The Reducing System BOM Cost with Xilinx's Cost-Optimized Portfolio whitepaper provides SMPS suggestions (Dialog DA9062, Monolithic Power Systems MP5416, Exar/MaxLinear XRP7714, Texas Instruments TPS65023), furthermore, the Arty A7 and the AX7101 schematics also provide some good inspirations.
The main power source is the PCI express slot. I can not use the permanent 3.3V, I need to use the 12V. Either I can find a suitable component which can accept 12V input or I need to use some kind of step-down from 12V to 5.5V (I added some extra headroom for LDO dropout, in case).
- Exar/MaxLinear XRP7714 is discarded because it has only 4 outputs, and would need extra components to get all the required voltages.
- Texas Instruments TPS65023 is discarded because it can provide less current, probably not enough to make a reasonable use of the FPGA.
- Dialog DA9062 has enough outputs, enough power (up to 8.5A combined), a good set of features (watchdog, RTC, timers, power on/off sequences, ...) and a very comprehensive documentation.
- Monolithic Power Systems MP5416 has one more LDO, very interesting power (approx 15A), with a lot of features (but no RTC).
- how many external components needed ?
- how easy to find and buy ?
- how cheap/expensive ?
MP5416 is nearly impossible to find. Dialog DA9062 is not easy to find, but possible. That's also the PMIC used in Digilent's Arty A7 dev board.
h2. RAM
Storage¶
The RAM storage has to be inexpensive and high-density, it uses DDRx standard sticks, non-EEC.
The FPGA node is too compact and the form factor is not compatible with onboard standard DDRx RAM sticks. The RAM sticks are plugged on the backplane (or on dedicated RAM extension boards) and are accessed thru DMA channels with the PCI-express bus.
Local RAM¶
The FPGA node also has a DDR3 chip for temporary and intermediate values.
Network¶
RJ45 10/100/1000 ethernet¶
SFP+ module¶
Crypto¶
ATSHA or newer
Clocks¶
Watchdog, Brown-out, Reset and Power-On-Reset circuits¶
Fans¶
Fans are not connected or mounted on the node, but on the motherboard/backplane, to mutualize noise filtering and airflow efficiency.
Sensors¶
Power rails ampere-meters to measure the consumed power. Temperature sensor (thermistance).
It can be used with two goals :- measure the power efficiency (nb operations/second/watt)

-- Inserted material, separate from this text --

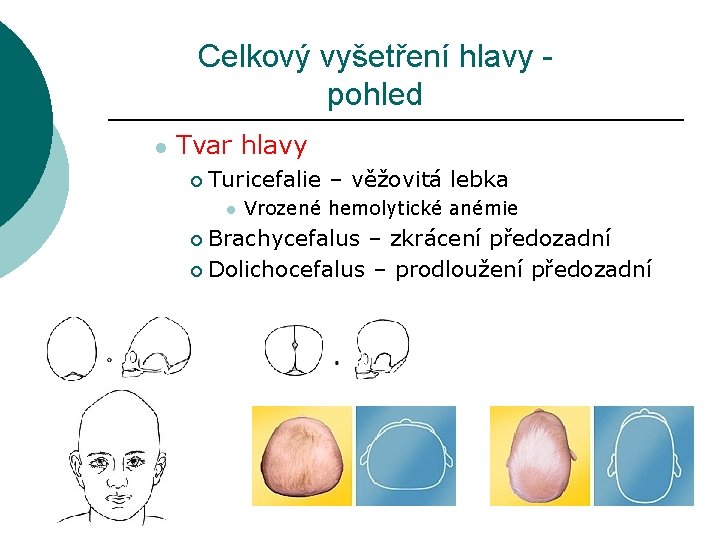 Celkový vyšetření hlavy - pohled l Tvar hlavy ¡ Turicefalie – věžovitá lebka l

- anticipate temperature raise to drive the fans
Connectors¶
- Standard PCIe v3.0 2x or 4x connector
- Standard ATX extra 12V 35W connector
- Maybe 3pins PWM FAN connector (FPGA and NIC)
The PCB¶
It has a PCI express connector, at least v3.0 and at least x2 to have a bandwidth compatible with a Gigabit ethernet bandwidth.
The FPGA node has to be compatible, at least in form factor, with a standard (micro)ATX motherboard in a 1U rack. Despite it would be theorically possible to connect it to a standard motherboard, I strongly discourage this. First, you would need a kernel driver to manage and communicate with the card, but the card would have full access to the whole hardware, including the northbridge and the RAM or the southbridge and the devices, bypassing the OS kernel.